Last week was Sexual Assault Awareness Week on USD's campus, and the whole month of April is designated as Sexual Assault Awareness Month. Here are a few definitions and statistics you should know:
- “Sexual Assault” is any unwanted physical contact of a sexual nature that occurs either without the consent of each participant or when a participant is unable to give consent freely.
- “Consent” is voluntary, non-ambiguous, positive agreement between the participants to engage in specific sexual activity.
- 1 in 5 women will be sexually assaulted in college
- 4/5 rapists are known to the victim
- 68% of sexual assaults are not reported to police
- 4/5 rapists are known to the victim
*these statistics are provided by RAINN (rape, abuse, and incest national network) which is recognized as the nation’s largest anti-sexual assault organization
As a part of SAAW (Sexual Assault Awareness Week), students and others on campus were invited to participate in an event called “Take Back the Night.” During this event, we marched around campus and ultimately ended the night at the IPJ for a candlelit vigil for survivors of sexual assault. At the vigil, two students opened up about their personal experiences as being victims of sexual assault at USD. This service was moving and eye-opening, as men and women from all over campus willingly came together to talk about an issue that is so prevalent on college campuses around the world. I promise that you know at least one person who has been sexually assaulted, you have seen them walking on our campus, you have seen them in the SLP, or they are in your class.

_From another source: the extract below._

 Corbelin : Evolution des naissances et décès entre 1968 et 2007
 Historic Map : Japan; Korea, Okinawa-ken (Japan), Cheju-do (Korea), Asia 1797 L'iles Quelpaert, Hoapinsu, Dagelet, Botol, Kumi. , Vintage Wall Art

You just may not know explicitly who they are.
USD is undoubtedly a very safe campus in comparison to many other larger universities, but sexual assault still happens here. According to the USD Department of Public Safety’s 2014 Crime Report, there were 6 rapes that year. That does not seem like a large number at all, right? But around 68% of rapes occur off campus…and I know at our university this holds very true, as we consistently flock to off-campus parties on the weekends. Also, as mentioned before, a majority of rapes aren’t even reported, so how many actually occurred?
This past weekend I attended a solely student facilitated discussion on sexual assault for members of Greek Life, and we were presented with some USD specific statistics about sexual assault obtained from a student organized survey. To my disappointment, after searching the internet and the university website heavily, I was unable to find these statistics published anywhere. This makes me feel that our institution is attempting to cover up sexual assault to maintain the belief that our university is a great and safe one, and it is. But we should not prioritize a pristine image over the safety, well-being, and education of our students. During the sexual assault discussion, I was placed in a group with five women and three men. It was uncanny to see the difference in attitudes between the men and women throughout the discussion. The women appeared calm when reading the statistics, as most of us had likely heard them before and many women acknowledged that this issue is something we seem to just accept as a part of college, but the men appeared unnerved and often a bit shaken up while reading the statistics. Having this discussion was a unique opportunity to establish that sexual assault is not just a problem for women--that both men and women on our campus have the power to act and change these statistics.
It is as easy as speaking up when a friend says an inappropriate joke, or helping someone out at a party when it looks like they are in an uncomfortable situation. Small things can create a big change. Start the conversation and speak up, it's on us.